## YOUR TASK
Begin at the line containing "Indian Telegram Users" in the entries below and end at the line containing "Slipknot Group Red Büyük Sırt Patch Yama"; transcribe that range exactly and nothing outside it.

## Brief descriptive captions
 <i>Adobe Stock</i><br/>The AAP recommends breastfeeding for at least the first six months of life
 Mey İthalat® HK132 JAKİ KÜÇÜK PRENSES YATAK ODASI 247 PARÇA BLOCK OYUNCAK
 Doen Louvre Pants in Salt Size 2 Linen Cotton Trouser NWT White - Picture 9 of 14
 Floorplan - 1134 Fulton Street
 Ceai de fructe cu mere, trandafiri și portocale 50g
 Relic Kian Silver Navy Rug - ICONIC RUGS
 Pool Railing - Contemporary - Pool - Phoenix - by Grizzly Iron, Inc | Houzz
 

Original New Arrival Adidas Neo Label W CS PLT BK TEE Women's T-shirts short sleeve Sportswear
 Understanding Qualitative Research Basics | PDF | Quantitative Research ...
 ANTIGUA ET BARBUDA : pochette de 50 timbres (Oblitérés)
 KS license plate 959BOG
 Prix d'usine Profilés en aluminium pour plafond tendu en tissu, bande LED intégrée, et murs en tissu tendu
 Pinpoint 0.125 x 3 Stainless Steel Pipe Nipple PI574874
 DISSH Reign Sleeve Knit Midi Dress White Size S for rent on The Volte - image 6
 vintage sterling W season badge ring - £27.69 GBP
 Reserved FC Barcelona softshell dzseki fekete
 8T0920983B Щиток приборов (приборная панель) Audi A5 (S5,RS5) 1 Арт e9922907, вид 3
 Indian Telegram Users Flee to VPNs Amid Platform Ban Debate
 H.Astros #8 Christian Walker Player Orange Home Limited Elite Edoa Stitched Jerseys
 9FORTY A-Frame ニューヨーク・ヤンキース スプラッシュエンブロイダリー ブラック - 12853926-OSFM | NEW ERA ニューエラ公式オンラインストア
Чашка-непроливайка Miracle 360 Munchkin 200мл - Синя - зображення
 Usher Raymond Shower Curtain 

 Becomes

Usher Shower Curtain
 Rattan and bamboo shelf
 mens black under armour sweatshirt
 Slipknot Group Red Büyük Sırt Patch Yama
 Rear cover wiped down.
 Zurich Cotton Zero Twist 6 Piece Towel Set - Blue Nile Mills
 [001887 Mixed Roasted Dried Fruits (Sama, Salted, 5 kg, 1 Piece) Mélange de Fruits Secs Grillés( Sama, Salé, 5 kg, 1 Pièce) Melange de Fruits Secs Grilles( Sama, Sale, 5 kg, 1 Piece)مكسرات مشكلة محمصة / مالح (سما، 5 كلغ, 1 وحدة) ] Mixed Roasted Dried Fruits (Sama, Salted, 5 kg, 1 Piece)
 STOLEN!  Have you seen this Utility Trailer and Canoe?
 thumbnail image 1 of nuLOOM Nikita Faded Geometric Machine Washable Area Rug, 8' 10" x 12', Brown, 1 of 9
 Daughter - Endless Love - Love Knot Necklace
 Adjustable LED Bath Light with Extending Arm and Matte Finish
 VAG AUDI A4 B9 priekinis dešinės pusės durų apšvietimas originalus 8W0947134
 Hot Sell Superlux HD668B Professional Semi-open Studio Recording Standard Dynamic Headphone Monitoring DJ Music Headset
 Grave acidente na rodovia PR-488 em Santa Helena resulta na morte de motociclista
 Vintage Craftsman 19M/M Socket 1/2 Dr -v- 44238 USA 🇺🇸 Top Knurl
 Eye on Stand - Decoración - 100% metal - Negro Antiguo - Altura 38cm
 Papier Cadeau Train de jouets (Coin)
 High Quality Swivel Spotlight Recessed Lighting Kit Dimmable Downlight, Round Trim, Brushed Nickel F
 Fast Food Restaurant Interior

## SOLUTION FOR THIS EXERCISE
 Indian Telegram Users Flee to VPNs Amid Platform Ban Debate
 H.Astros #8 Christian Walker Player Orange Home Limited Elite Edoa Stitched Jerseys
 9FORTY A-Frame ニューヨーク・ヤンキース スプラッシュエンブロイダリー ブラック - 12853926-OSFM | NEW ERA ニューエラ公式オンラインストア
Чашка-непроливайка Miracle 360 Munchkin 200мл - Синя - зображення
 Usher Raymond Shower Curtain 

 Becomes

Usher Shower Curtain
 Rattan and bamboo shelf
 mens black under armour sweatshirt
 Slipknot Group Red Büyük Sırt Patch Yama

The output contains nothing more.